[Opening Material provided section]
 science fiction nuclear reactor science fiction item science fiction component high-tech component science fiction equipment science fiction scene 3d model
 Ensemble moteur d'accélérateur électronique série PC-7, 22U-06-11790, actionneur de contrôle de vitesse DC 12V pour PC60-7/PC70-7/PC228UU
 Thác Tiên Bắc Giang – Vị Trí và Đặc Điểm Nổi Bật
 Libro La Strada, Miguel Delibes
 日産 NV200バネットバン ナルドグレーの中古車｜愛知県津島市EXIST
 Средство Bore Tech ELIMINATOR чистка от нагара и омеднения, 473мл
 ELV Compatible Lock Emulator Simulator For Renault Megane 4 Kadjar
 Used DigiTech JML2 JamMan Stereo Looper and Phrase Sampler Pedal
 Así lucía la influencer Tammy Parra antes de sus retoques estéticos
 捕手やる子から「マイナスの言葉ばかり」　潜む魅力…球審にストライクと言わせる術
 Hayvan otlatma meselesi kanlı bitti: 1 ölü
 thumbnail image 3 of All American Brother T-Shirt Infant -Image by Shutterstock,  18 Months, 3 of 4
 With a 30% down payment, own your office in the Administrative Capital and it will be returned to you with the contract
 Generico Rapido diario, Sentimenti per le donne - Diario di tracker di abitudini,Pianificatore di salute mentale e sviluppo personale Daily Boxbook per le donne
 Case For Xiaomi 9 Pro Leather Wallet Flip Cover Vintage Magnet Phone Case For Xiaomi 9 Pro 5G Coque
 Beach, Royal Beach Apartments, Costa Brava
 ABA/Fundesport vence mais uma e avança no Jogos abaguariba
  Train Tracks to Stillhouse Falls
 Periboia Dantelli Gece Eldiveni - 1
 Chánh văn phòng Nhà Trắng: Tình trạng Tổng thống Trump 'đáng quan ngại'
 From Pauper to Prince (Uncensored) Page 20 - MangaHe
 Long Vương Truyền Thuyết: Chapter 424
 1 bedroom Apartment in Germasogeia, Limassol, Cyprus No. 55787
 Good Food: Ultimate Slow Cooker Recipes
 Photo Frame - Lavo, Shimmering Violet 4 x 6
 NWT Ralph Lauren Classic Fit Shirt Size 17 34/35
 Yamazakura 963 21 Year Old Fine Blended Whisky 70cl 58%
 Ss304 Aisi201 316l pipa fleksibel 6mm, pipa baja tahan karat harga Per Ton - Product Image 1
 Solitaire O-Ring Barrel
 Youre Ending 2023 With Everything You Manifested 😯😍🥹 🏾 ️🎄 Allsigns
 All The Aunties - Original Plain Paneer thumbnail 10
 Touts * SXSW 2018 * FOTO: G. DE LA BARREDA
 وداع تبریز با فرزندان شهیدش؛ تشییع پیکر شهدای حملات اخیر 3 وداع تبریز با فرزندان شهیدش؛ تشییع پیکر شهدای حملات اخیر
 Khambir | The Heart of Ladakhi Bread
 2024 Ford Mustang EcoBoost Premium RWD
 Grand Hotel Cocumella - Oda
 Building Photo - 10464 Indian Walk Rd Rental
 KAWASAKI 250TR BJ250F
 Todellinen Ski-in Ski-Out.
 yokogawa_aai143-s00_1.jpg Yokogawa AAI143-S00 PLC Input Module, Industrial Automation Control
[Closing Material provided section]
What is required:
Your answer must be the line that contains "Case For Xiaomi 9 Pro Leather" and every line after it to the end of the records, reproduced exactly.

Finished task:
 Case For Xiaomi 9 Pro Leather Wallet Flip Cover Vintage Magnet Phone Case For Xiaomi 9 Pro 5G Coque
 Beach, Royal Beach Apartments, Costa Brava
 ABA/Fundesport vence mais uma e avança no Jogos abaguariba
  Train Tracks to Stillhouse Falls
 Periboia Dantelli Gece Eldiveni - 1
 Chánh văn phòng Nhà Trắng: Tình trạng Tổng thống Trump 'đáng quan ngại'
 From Pauper to Prince (Uncensored) Page 20 - MangaHe
 Long Vương Truyền Thuyết: Chapter 424
 1 bedroom Apartment in Germasogeia, Limassol, Cyprus No. 55787
 Good Food: Ultimate Slow Cooker Recipes
 Photo Frame - Lavo, Shimmering Violet 4 x 6
 NWT Ralph Lauren Classic Fit Shirt Size 17 34/35
 Yamazakura 963 21 Year Old Fine Blended Whisky 70cl 58%
 Ss304 Aisi201 316l pipa fleksibel 6mm, pipa baja tahan karat harga Per Ton - Product Image 1
 Solitaire O-Ring Barrel
 Youre Ending 2023 With Everything You Manifested 😯😍🥹 🏾 ️🎄 Allsigns
 All The Aunties - Original Plain Paneer thumbnail 10
 Touts * SXSW 2018 * FOTO: G. DE LA BARREDA
 وداع تبریز با فرزندان شهیدش؛ تشییع پیکر شهدای حملات اخیر 3 وداع تبریز با فرزندان شهیدش؛ تشییع پیکر شهدای حملات اخیر
 Khambir | The Heart of Ladakhi Bread
 2024 Ford Mustang EcoBoost Premium RWD
 Grand Hotel Cocumella - Oda
 Building Photo - 10464 Indian Walk Rd Rental
 KAWASAKI 250TR BJ250F
 Todellinen Ski-in Ski-Out.
 yokogawa_aai143-s00_1.jpg Yokogawa AAI143-S00 PLC Input Module, Industrial Automation Control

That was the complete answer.